Liep in die beginjaren dan alles op rolletjes? Nee, bepaald niet, we hebben regelmatig in onze piepzak gezeten. Kopij die te laat werd ingeleverd, donateurs die niet betaalden, de geldschieter van de beoogde Couperus Prijs die niet-thuis gaf, onverstaanbare sprekers, onaardige reacties van boekhandelaren, een bekende schrijver die de avond voor zijn bij ons uitverkochte lezing in het ziekenhuis belandde, een zangeres die bij een optreden klonk als een kraai, de lijst is langer dan dit.
Maar het enthousiasme van de liefhebbers, de verzamelaars en de belangstellenden op de genootschapsdagen, twee keer per jaar, was voor ons toch iedere keer weer de stimulans om door te gaan. We zagen hoe groot de liefde voor Couperus bij zoveel mensen was, we wisten niet wat we meemaakten als we de postbus vol aanmeldingen leegden. Het aantal donateurs groeide naar bijna zeshonderd, waarmee het Louis Couperus Genootschap de grootste literaire club van ons land werd.
VI
In 1998, toen het genootschap inmiddels vijf jaar bestond en onze bestuurstaken verdacht veel begonnen te lijken op onbezoldigde dagelijkse arbeid, besloten wij onze functies over te dragen aan kundige opvolgers, onder wie Karin de Graaff-Peterson als nieuwe voorzitter. We namen afscheid op een lustrumbijeenkomst in januari in de Koninklijke Manege aan de Nassaulaan, waar meer dan tweehonderd belangstellenden Fréderic Bastet zoete klanken aan de vleugel hoorden ontlokken. Dick van Vliet, op wie wij nooit tevergeefs een beroep hebben gedaan, riep in een feestrede ons bezoek aan Oegstgeest in herinnering en hoe de twee hoogleraren ons weinig kans van slagen gaven: ‘Gelukkig hebben we ongelijk gekregen en hebben Joyce en José hun droom waargemaakt.’

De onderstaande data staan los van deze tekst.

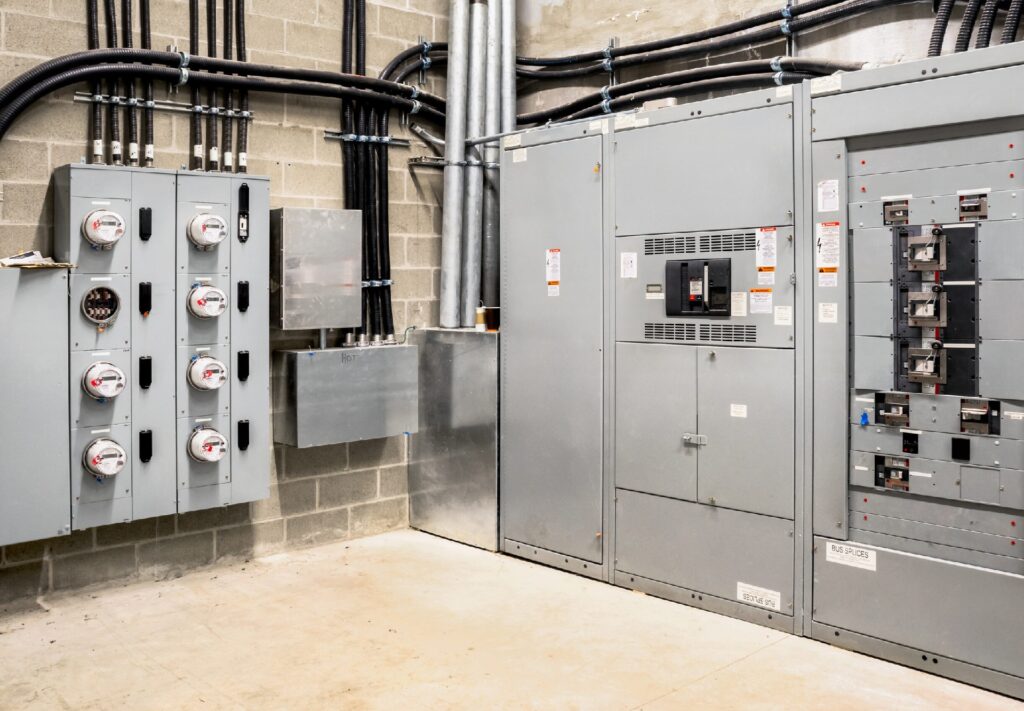 commercial electrical panel upgrade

Nog steeds, na al die jaren, kijken wij met veel voldoening en dankbaarheid terug op die mooie begintijd. We hadden toen niet kunnen bevroeden dat het genootschap tot op de dag van vandaag zo zou bloeien en dat de belangstelling voor alles wat met Couperus te maken heeft, zo groot zou blijven. We koesteren, naast de boeken van Couperus zelf natuurlijk, de herinneringen en overblijfselen van onze bestuurstijd. Een kennis stuurde ons in die begindagen een wel heel bijzonder geschenk: een goudgeel gordijn dat bij Couperus thuis achter de kapstok was bevestigd. Ongetwijfeld de kapstok waar ook de bruine toga’s voor die Rotterdamse scholieren aan hebben gehangen.
NB De tekst van deze themapagina verscheen als artikel in Arabesken nr. 61 van augustus 2023, een speciale uitgave in het Couperusjaar 2023.